With assets under management valued at approximately $140–150 billion, Ethiopian Investment Holdings (EIH) manages a portfolio of over 40 state-owned enterprises across key sectors, having driven a dramatic revenue surge from 704 billion to 6.1 trillion birr in four years and achieving a pre-tax profit of 262.7 billion birr in FY 2024/25, backed by substantial foreign exchange reserves of $48.7 billion and employing around 250,000 people, which currently contributes roughly 12% to Ethiopia’s GDP with a strategic target of reaching 20% by 2030.

 

If achieved, that 20% target would place EIH among the most economically influential sovereign investment institutions globally, not just in Africa.

 

Ethiopia’s significant macroeconomic scale, with a nominal GDP between $109–121 billion in 2025, a robust growth rate of 6.5–7.5% driven by its services, industrial, and agricultural sectors, and a population exceeding 120 million, provides the critical mass that makes the substantial initial investment in domestic currency production economically justifiable, as the high fixed costs can be amortized across the vast volume of currency required for such a large economy, thereby reducing the per-unit cost over time compared to the ongoing expense of outsourcing production to foreign firms.

 

Within Africa, the capacity to print currency is a rare sovereign capability, with only 9–12 nations, including Nigeria and South Africa, possessing it. The majority of the continent’s 54 countries remain dependent on printing firms in Europe, a lingering post-colonial financial reliance that Ethiopia’s new initiative now deliberately breaks from.

 

This move is part of a fundamental institutional transformation within Ethiopia, spearheaded by the strategic sovereign fund, Ethiopian Investment Holdings (EIH).

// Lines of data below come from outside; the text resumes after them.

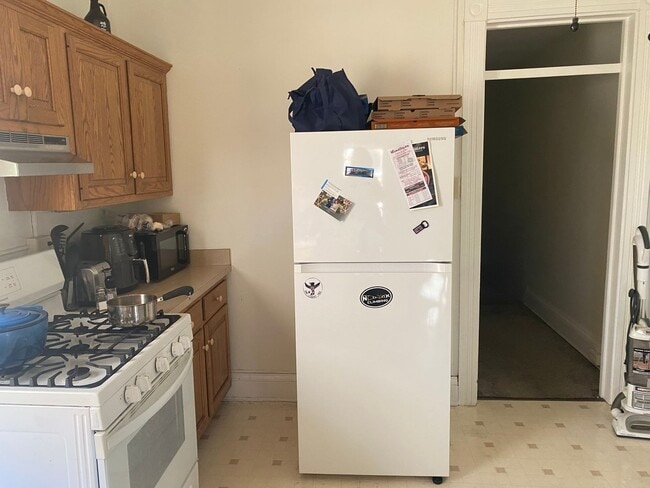 Photo - 319 N Charlotte St Unit Apt. 2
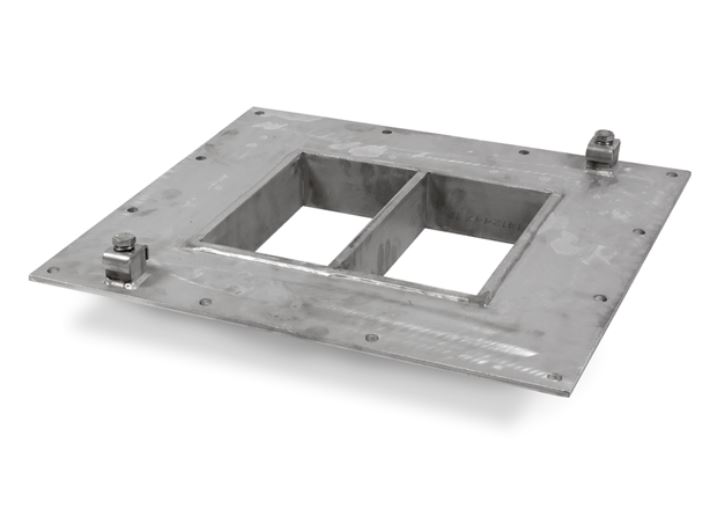 Рама Roxtec GH BG™ FL 100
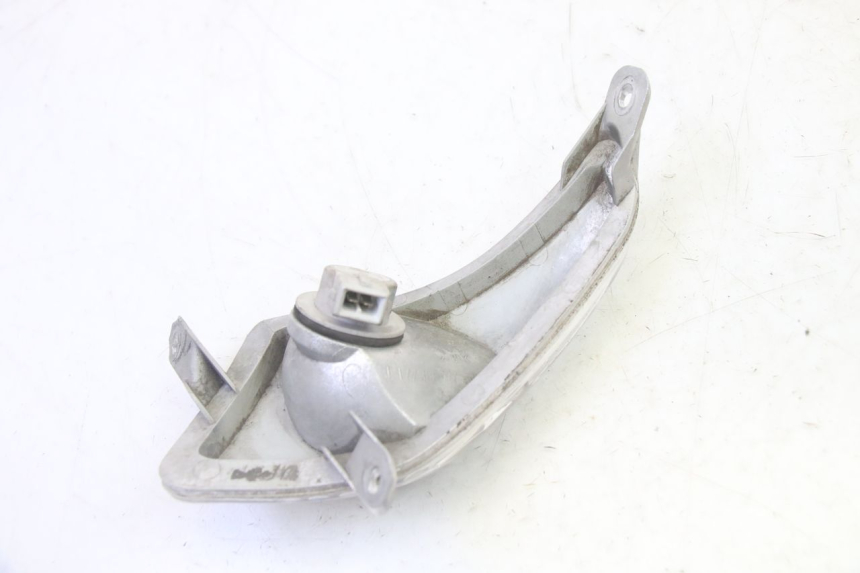 photo de DELANTERO DERECHO INTERMITENTE YAMAHA X-CITY XCITY 125 (2007 - 2008)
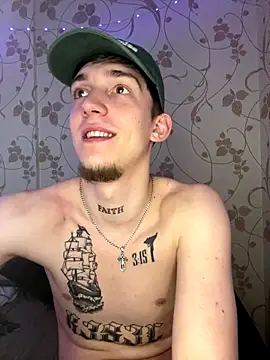 Rabizoon online show from November 30, 9:44 am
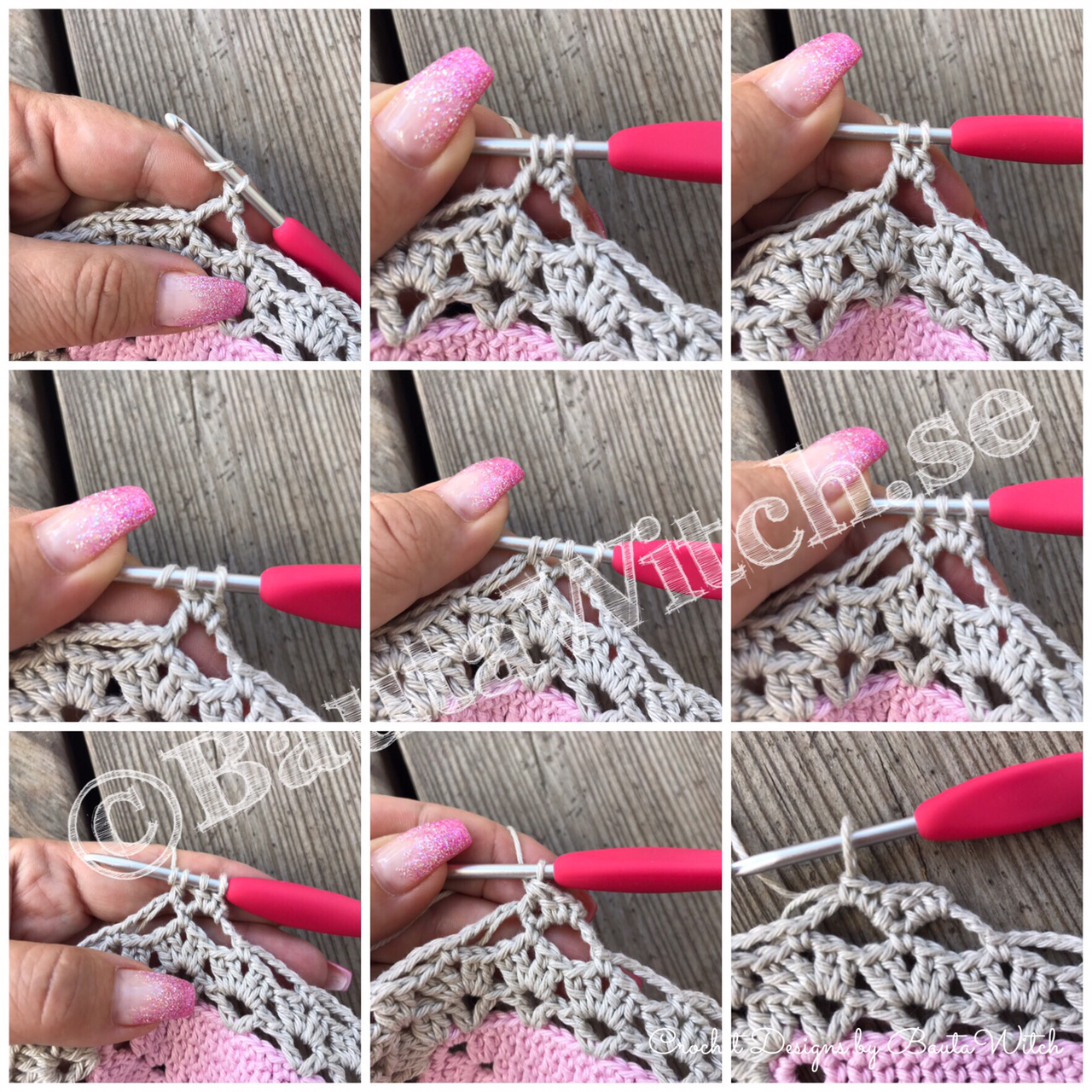 Halsringning-poncho-by-BautaWitch-steg-1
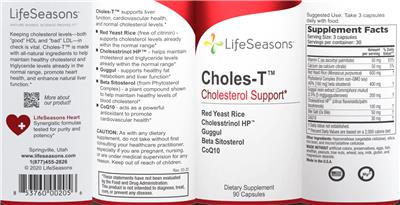supplement image
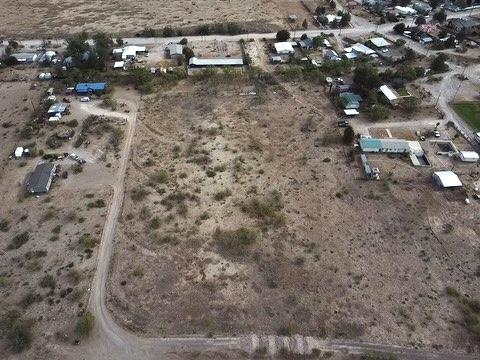 950 Central Dr, Marfa, Texas image 8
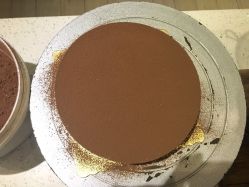 -明匠曲蛋糕西点屋(穗花新村店)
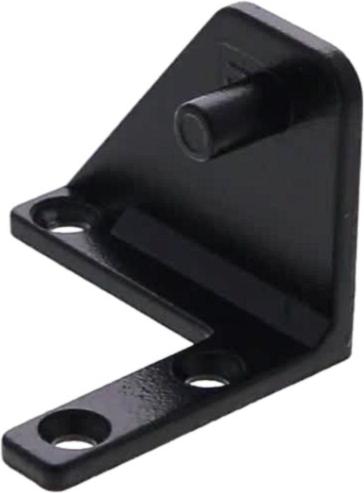 CHARNIERE Froid SUPERIEURE GAUCHE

EIH was created to reform a landscape of fragmented, inefficient state-owned enterprises by imposing modern corporate governance and commercial discipline, making currency printing a logical extension of its mandate to build strategic, durable national assets.

 

The currency effort is strategically supported by a trio of complementary infrastructure projects: existing security printing expertise via a joint venture for passports, a new domestic gold refinery to preserve national wealth, and the development of domestic capital markets through the Ethiopian Securities Exchange. This integrated approach aims to build a more self-reliant and robust financial architecture.

 

Ultimately, localising currency production is a profound statement of sovereignty, signalling Ethiopia’s intent to mature its state capacity and manage national wealth over the long term. While challenges like high capital costs and execution risks remain, successfully controlling the creation of money is a foundational step toward greater economic self-determination, representing the real, strategic value beyond the banknotes themselves.